[Collection entries]
=== Begin Enclosure ===
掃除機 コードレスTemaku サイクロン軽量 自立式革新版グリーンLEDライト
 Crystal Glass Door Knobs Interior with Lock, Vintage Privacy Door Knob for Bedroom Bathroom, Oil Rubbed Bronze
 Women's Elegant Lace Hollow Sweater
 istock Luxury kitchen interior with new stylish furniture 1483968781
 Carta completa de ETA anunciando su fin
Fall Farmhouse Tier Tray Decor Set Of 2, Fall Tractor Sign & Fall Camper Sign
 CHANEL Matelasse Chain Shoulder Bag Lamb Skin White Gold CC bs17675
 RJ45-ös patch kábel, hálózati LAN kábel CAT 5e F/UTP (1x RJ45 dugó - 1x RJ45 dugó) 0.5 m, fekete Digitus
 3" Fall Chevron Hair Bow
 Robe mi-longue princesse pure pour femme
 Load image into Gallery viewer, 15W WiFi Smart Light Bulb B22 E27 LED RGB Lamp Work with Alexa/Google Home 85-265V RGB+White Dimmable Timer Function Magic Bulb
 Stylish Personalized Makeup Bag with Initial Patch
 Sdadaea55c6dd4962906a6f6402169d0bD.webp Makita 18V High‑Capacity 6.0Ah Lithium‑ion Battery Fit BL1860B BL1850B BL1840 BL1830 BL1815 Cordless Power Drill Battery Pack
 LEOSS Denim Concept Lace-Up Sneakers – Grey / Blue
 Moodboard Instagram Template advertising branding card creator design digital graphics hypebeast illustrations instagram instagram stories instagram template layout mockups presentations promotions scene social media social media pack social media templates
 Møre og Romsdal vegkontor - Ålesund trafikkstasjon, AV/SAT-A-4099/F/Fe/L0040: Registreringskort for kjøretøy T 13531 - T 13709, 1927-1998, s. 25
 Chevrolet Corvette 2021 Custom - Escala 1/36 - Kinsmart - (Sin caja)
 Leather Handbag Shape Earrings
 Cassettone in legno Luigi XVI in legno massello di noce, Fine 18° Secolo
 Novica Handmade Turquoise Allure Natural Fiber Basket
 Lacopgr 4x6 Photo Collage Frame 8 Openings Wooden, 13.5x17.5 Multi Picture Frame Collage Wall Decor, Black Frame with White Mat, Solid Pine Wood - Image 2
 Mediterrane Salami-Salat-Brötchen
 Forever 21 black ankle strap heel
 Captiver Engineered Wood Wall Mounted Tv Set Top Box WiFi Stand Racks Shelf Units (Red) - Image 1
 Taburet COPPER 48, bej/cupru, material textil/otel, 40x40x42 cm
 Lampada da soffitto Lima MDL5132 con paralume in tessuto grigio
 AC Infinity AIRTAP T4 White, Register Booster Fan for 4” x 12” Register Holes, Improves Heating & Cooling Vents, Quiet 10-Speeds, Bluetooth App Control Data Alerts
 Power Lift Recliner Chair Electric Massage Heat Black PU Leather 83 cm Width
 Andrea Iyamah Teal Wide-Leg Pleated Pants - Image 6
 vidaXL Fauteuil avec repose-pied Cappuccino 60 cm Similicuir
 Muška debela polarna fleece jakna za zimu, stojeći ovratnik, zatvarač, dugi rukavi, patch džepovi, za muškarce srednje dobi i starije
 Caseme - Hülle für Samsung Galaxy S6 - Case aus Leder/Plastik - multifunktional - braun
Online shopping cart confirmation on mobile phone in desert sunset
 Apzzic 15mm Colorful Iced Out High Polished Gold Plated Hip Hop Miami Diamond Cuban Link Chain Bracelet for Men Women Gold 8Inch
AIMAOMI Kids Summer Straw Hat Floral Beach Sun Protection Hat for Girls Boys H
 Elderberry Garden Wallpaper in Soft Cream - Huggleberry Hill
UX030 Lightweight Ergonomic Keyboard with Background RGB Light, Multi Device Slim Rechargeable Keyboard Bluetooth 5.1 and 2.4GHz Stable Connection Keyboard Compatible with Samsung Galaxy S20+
=== End Enclosure ===
### INSTRUCTIONS FOR THE TASK
Find "Moodboard Instagram Template" in the entries above and copy that whole line exactly, then each line after it through the line that contains "Muška debela polarna".

### WRITTEN SOLUTION
 Moodboard Instagram Template advertising branding card creator design digital graphics hypebeast illustrations instagram instagram stories instagram template layout mockups presentations promotions scene social media social media pack social media templates
 Møre og Romsdal vegkontor - Ålesund trafikkstasjon, AV/SAT-A-4099/F/Fe/L0040: Registreringskort for kjøretøy T 13531 - T 13709, 1927-1998, s. 25
 Chevrolet Corvette 2021 Custom - Escala 1/36 - Kinsmart - (Sin caja)
 Leather Handbag Shape Earrings
 Cassettone in legno Luigi XVI in legno massello di noce, Fine 18° Secolo
 Novica Handmade Turquoise Allure Natural Fiber Basket
 Lacopgr 4x6 Photo Collage Frame 8 Openings Wooden, 13.5x17.5 Multi Picture Frame Collage Wall Decor, Black Frame with White Mat, Solid Pine Wood - Image 2
 Mediterrane Salami-Salat-Brötchen
 Forever 21 black ankle strap heel
 Captiver Engineered Wood Wall Mounted Tv Set Top Box WiFi Stand Racks Shelf Units (Red) - Image 1
 Taburet COPPER 48, bej/cupru, material textil/otel, 40x40x42 cm
 Lampada da soffitto Lima MDL5132 con paralume in tessuto grigio
 AC Infinity AIRTAP T4 White, Register Booster Fan for 4” x 12” Register Holes, Improves Heating & Cooling Vents, Quiet 10-Speeds, Bluetooth App Control Data Alerts
 Power Lift Recliner Chair Electric Massage Heat Black PU Leather 83 cm Width
 Andrea Iyamah Teal Wide-Leg Pleated Pants - Image 6
 vidaXL Fauteuil avec repose-pied Cappuccino 60 cm Similicuir
 Muška debela polarna fleece jakna za zimu, stojeći ovratnik, zatvarač, dugi rukavi, patch džepovi, za muškarce srednje dobi i starije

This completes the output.